Collected data entries:
□ □ □ □

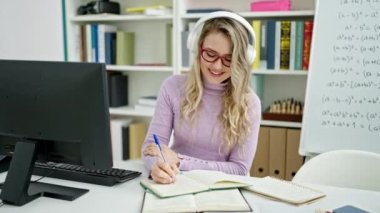 Sınıfta şarkı söyleyen genç sarışın kız öğrenci.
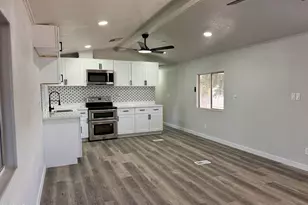 8601 N 71st Ave, Glendale, AZ 85301 - Photo 6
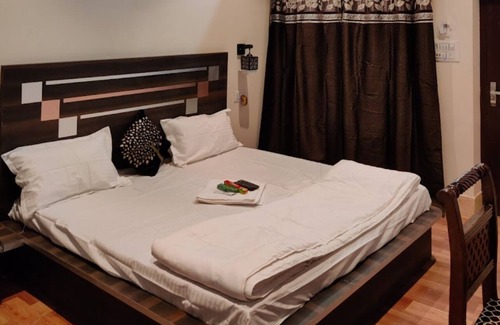 Fatehgarh Bed & Breakfast | 4-bedroom bed & breakfast in charming Farrukhabad with WiFi, AC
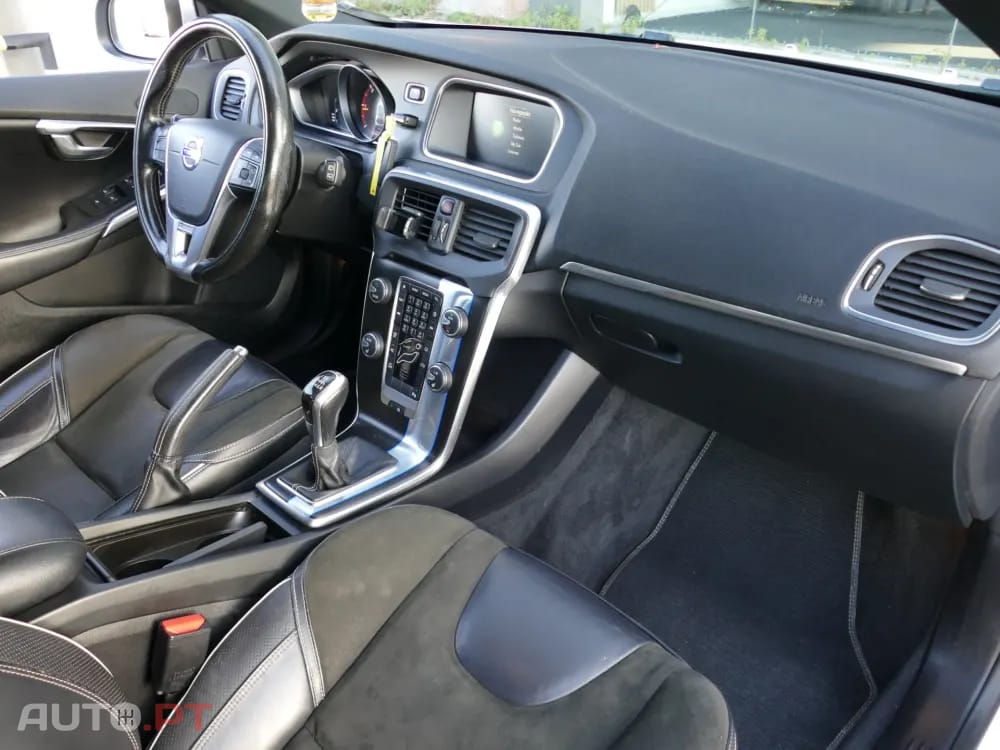 Volvo V40 2.0 D2 R-Design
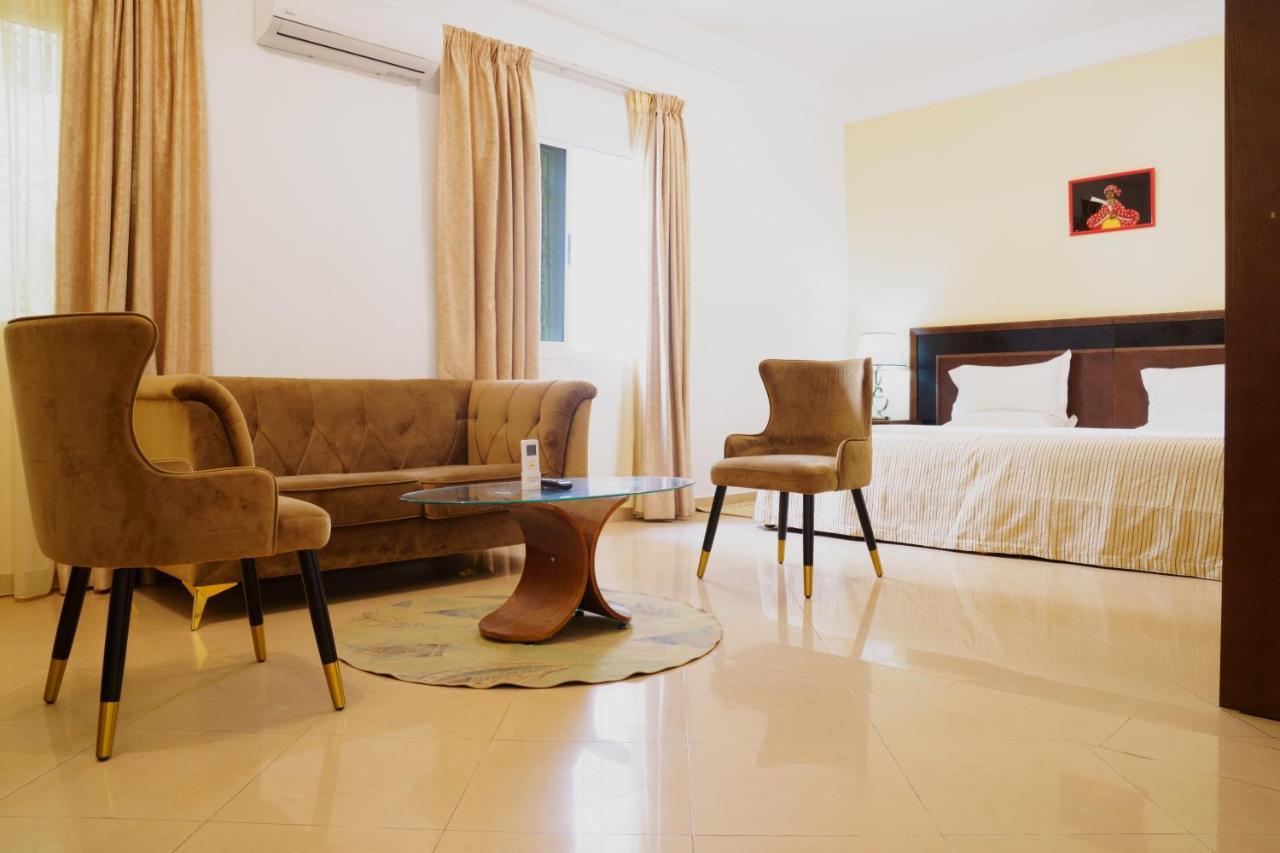 Hotel Le Feto à Dakar Extérieur photo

□ □ □ □

What to do: Please write out, exactly, every line from the line with "Volvo V40 2.0 D2 R-Design" through the final line of the data above, leaving out pictures.

Exercise solution:
 Volvo V40 2.0 D2 R-Design
 Hotel Le Feto à Dakar Extérieur photo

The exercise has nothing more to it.